Consider a Hamiltonian $H$ on a Hilbert space $\mathcal H_A \oplus\mathcal H_B$ and let $P$ (and $Q$) denote the projection operator onto $A$ (and $B$). There are two common definitions of an effective Hamiltonian $H_\textrm{eff}(E)$ on subspace $A$:
- The Schroedinger equation can be written as $$ \left( \begin{array}{cc} PHP & PHQ\\ QHP & QHQ \end{array} \right) \left( \begin{array}{c} \psi_A \\ \psi_B\end{array} \right) = E \left( \begin{array}{c} \psi_A \\ \psi_B\end{array} \right)$$ One can straightforwardly eliminate $\psi_B$ to obtain $$ H_\textrm{eff}(E) |\psi_A\rangle = E |\psi_A\rangle \qquad \textrm{with } \; \boxed{H_\textrm{eff}(E) := P \left( H + H Q \frac{1}{E-QHQ} Q H \right) P}$$
- In the Green's function/resolvent approach, one simply defines $$ \boxed{\frac{1}{E-H_\textrm{eff}(E)} := P \frac{1}{E-H} P }$$ (The motivation for this has to do with the fact that the left-hand side has the same poles as the right-hand side would have even without the $P$ projectors, hence $H_\textrm{eff}(E)$ has the same eigenvalues as $H$ for eigenvectors which have a non-zero support on $A$.)
My question is simply: how can I see whether these two definitions are equivalent?
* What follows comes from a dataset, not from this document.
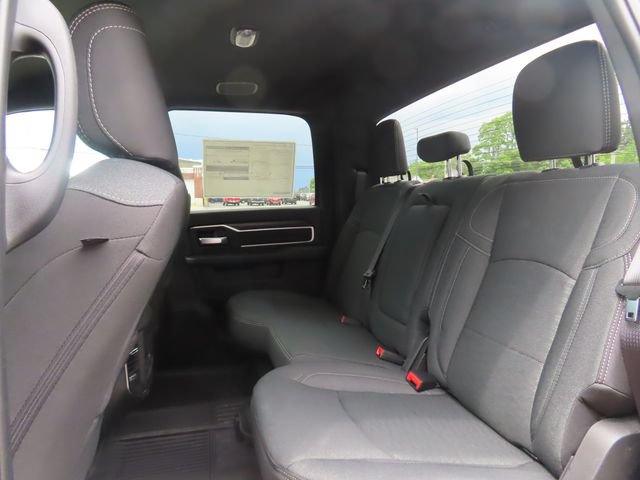 New 2026 RAM 3500 Big Horn AWD/4WD image 23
(Note that this is not a duplicate! A very similar question was asked before, but there the answer that was accepted in fact did not answer the exact question that I am asking. There is also another question which has to do with deriving the effective Hamiltonian, which is not what I am asking here.)